Sorry, Hanna , I’m going to stick with political explanations for that Scott Brown victory. I’m no Massachusetts voter, but I am that much-sought-after independent, and I’m disappointed and frustrated with the Senate right now. I wouldn’t have voted for Scott Brown, but I can see why a Massachusetts voter would have voted not against Coakley, but rather against the filibuster-proof Dem majority in the Senate. Brown may be a disaster for health care reform, but if health care reform weren’t looking like such a disaster at the moment, he wouldn’t have been able to take that seat.
The level of frustration everywhere-Republicans, Democrats and in-between-is enormous, and it comes from things like the perception that a hold-out senator can ensure that his state won’t pay for health care reform, and a general sense that whatever’s in whichever bill the House or the Senate or somebody is trying to pass now won’t really do what most voters wanted: provide (somehow) health care coverage for everyone. I’m intentionally not getting specific because I don’t think many voters did.

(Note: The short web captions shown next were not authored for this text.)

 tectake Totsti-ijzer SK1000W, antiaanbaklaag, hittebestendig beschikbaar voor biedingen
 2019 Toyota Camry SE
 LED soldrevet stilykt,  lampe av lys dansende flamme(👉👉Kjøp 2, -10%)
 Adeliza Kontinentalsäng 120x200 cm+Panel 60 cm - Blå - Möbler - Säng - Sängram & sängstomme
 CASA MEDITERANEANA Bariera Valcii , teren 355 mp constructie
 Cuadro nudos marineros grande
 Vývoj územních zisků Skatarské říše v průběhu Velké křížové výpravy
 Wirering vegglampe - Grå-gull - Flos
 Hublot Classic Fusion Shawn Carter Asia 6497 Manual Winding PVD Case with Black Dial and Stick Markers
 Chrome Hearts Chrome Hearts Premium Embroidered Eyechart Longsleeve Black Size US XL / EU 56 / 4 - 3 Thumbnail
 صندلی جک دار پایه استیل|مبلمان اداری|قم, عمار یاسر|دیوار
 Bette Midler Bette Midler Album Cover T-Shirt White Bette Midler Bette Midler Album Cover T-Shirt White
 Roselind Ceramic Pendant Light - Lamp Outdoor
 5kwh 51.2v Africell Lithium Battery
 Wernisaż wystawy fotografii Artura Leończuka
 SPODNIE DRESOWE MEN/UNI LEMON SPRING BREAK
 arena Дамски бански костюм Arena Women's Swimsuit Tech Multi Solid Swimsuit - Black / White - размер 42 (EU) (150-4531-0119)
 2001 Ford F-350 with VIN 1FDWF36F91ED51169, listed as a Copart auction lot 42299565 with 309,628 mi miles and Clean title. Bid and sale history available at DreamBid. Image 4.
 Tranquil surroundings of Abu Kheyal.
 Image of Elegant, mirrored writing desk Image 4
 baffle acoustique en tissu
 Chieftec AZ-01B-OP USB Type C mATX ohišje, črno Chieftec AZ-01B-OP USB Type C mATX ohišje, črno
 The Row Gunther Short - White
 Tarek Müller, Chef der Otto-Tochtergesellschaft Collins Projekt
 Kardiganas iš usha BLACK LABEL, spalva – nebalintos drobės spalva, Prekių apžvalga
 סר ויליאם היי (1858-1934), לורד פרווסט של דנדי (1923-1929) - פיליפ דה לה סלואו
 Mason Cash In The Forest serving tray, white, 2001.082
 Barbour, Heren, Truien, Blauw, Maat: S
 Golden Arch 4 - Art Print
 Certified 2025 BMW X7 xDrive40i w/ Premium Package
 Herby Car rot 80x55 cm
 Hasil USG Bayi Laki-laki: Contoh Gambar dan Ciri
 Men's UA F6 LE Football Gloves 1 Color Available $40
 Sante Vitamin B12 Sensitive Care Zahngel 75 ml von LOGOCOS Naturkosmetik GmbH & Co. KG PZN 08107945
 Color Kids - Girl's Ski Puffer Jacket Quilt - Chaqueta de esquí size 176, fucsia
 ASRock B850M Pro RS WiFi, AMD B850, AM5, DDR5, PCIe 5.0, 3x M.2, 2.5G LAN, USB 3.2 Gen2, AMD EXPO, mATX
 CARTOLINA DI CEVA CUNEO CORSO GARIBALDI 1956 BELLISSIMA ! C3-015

I talked this morning to a friend who’s active in local Democratic politics, and she put Brown’s victory down to Coakley’s failure. I think that’s a mistake, although, as Christopher Beam pointed out in Slate , without exit polls we’ll never know. But thanks to the magic of imprecise television advertising targeting, this New Hampshire resident can tell you that there’s no way any Massachusetts voter who watched, say, American Idol didn’t know what was at stake here. Those Democrats and independents knew that there was a lot riding on this for the president and the Senate’s coming agenda-and they either stayed home or they actively got up and voted no.